Na visão de Helen Caldwell, Bentinho é como Otelo, o personagem de Shakespeare
que mata a mulher, Desdêmona, uma inocente, após ser convencido de uma traição
a partir de intrigas do vingativo Iago. As múltiplas interpretações revelam por
que a obra continua sendo adorada por leitores e reverenciada por críticos: ela
guarda mistérios insolucionáveis. Dom Casmurro é um livro de enigmas.
O romance
obrigou críticos e leitores a prestar mais atenção num aspecto decisivo do
texto literário: o narrador. Parece óbvio pensar que o relato de uma pessoa é
um relato parcial sobre as coisas, mas não é tão evidente assim quando se está
em pleno deleite de uma obra-prima - ainda mais quando o narrador tem um texto
elegante, como um lorde inglês
tomando chá da tarde (que merda),
e está precisando de um ombro amigo. O leitor acaba sendo fisgado pelo
envolvente discurso de Bentinho e nem se dá conta de que só está vendo um lado
da história. Esse é um dos trunfos de Dom Casmurro, mas está longe de ser o
único.
(...) Capitu olhou alguns instantes para o cadáver tão fixa, tão apaixonadamente fixa, que não admira lhe saltassem algumas lágrimas poucas e caladas...
O professor de
literatura Sergius Gonzaga diz que há dois textos no romance. Um é aquele em
que Bentinho afirma a traição. Há um outro em que o próprio Bentinho solta
pistas de que tudo não passa de neura da sua cabeça. Essa contraprova é
apresentada quando o narrador afirma que Capitu era muito parecida com a mãe de
Sancha, mulher de Escobar, o suposto amigo traidor. Ou seja, a semelhança entre
o filho de Bentinho e o melhor amigo poderia vir daí - e não de um adultério.

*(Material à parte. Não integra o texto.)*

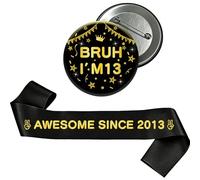 13th Birthday Decorations Badge Sash - Black Gold 2013 Sash Badge Teens | Black Gold Vintage Since 2013 Sash Badge Gift Boys Official Teen 13 Retro Birthday Party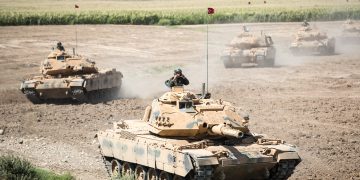 Joint military maneuvers by the Turkish and Iraqi armies near the border in the Silopi area of Şırnak province, southern Turkey, on September 26, 2017.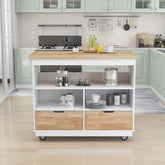 Rolling Kitchen Island with Storage, RubberWood Top & Wine Rack, White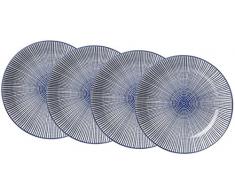 Ritzenhoff & Breker Suppenteller-Set Royal Makoto, 4-teilig, 20,5 cm Durchmesser, Porzellangeschirr, Blau-Weiß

São passagens que revelam que Machado semeou a discórdia de propósito entre
leitores. Casmurro se tornou uma ode às coisas não ditas, às entrelinhas, aos
discursos ocultos (muitas vezes, mais importantes do que as declarações
explícitas).
Dom Casmurro é
também considerado um retrato de como funcionava a sociedade na metade do
século 19. Na época, apenas 20% da população brasileira era alfabetizada. A
obra disseca a nobreza e a elite (onde Bento e sua família se encaixavam), os
homens livres para quem trabalho era algo malvisto (a labuta era considerada
coisa de escravos) e os escravos, que não têm tanta participação no livro.
Além disso, a
Capitu descrita por Bentinho é uma rebelde que diz o que pensa e que dissimula
com naturalidade, como na passagem em que o ex-marido mostra como ela se saiu
bem de uma situação em que eles foram pegos namorando escondidos e que deixara
Bentinho desconcertado. Essas atitudes seriam impensáveis a uma mulher oriunda
de uma classe social baixa, num Brasil ainda escravocrata. "É uma
narrativa que aponta o início da rebelião da mulher diante de uma sociedade
patriarcal", comenta o professor Marcelo Frizon. Machado de Assis previu
uma mudança que viria a tomar forma meio século depois.